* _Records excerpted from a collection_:
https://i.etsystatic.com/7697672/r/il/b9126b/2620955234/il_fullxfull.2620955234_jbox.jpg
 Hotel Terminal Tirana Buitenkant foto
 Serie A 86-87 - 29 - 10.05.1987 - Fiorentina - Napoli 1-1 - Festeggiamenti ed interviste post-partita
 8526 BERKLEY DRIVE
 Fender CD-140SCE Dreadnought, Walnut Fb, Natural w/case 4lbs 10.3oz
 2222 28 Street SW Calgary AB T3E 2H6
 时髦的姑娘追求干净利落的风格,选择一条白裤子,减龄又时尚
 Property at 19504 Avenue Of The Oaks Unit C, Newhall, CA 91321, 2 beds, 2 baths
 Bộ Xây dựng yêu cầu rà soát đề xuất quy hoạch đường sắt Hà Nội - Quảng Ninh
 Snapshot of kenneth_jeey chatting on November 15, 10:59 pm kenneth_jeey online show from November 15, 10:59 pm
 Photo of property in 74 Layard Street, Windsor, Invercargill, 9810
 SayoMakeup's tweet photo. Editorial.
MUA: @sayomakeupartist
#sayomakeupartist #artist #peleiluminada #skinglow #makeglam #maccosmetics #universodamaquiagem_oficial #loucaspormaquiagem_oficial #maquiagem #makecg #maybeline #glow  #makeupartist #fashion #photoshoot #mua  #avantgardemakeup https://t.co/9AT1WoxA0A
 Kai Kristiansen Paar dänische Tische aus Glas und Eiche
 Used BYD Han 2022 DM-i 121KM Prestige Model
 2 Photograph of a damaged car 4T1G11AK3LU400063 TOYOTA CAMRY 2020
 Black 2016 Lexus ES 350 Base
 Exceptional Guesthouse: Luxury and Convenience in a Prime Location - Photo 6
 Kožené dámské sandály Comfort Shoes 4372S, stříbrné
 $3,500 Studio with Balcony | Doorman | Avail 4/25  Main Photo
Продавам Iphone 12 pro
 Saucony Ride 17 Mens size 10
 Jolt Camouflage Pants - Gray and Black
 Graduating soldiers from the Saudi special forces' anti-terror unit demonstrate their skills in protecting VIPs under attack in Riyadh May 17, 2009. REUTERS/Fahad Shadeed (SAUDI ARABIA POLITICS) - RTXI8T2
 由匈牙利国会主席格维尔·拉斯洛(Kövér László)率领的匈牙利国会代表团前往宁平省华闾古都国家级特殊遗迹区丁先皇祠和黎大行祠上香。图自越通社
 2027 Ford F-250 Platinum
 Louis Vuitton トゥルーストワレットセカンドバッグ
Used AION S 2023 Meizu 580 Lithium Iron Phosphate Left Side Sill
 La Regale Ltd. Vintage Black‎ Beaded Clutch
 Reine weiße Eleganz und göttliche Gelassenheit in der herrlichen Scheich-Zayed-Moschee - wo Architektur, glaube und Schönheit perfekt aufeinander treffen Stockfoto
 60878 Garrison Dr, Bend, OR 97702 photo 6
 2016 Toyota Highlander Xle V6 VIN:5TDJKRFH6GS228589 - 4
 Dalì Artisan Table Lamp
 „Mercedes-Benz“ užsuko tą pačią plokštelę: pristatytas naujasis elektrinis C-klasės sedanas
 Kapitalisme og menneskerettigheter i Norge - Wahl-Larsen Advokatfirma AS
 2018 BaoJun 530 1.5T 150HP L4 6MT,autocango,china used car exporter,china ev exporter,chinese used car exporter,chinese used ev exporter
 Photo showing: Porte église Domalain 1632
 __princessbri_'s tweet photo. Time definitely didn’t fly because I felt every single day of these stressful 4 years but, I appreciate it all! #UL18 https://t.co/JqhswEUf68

* _Work required_:
Lines with "sayomakeupartist": return each one from the data above.

* _Task solution_:
MUA: @sayomakeupartist
#sayomakeupartist #artist #peleiluminada #skinglow #makeglam #maccosmetics #universodamaquiagem_oficial #loucaspormaquiagem_oficial #maquiagem #makecg #maybeline #glow  #makeupartist #fashion #photoshoot #mua  #avantgardemakeup https://t.co/9AT1WoxA0A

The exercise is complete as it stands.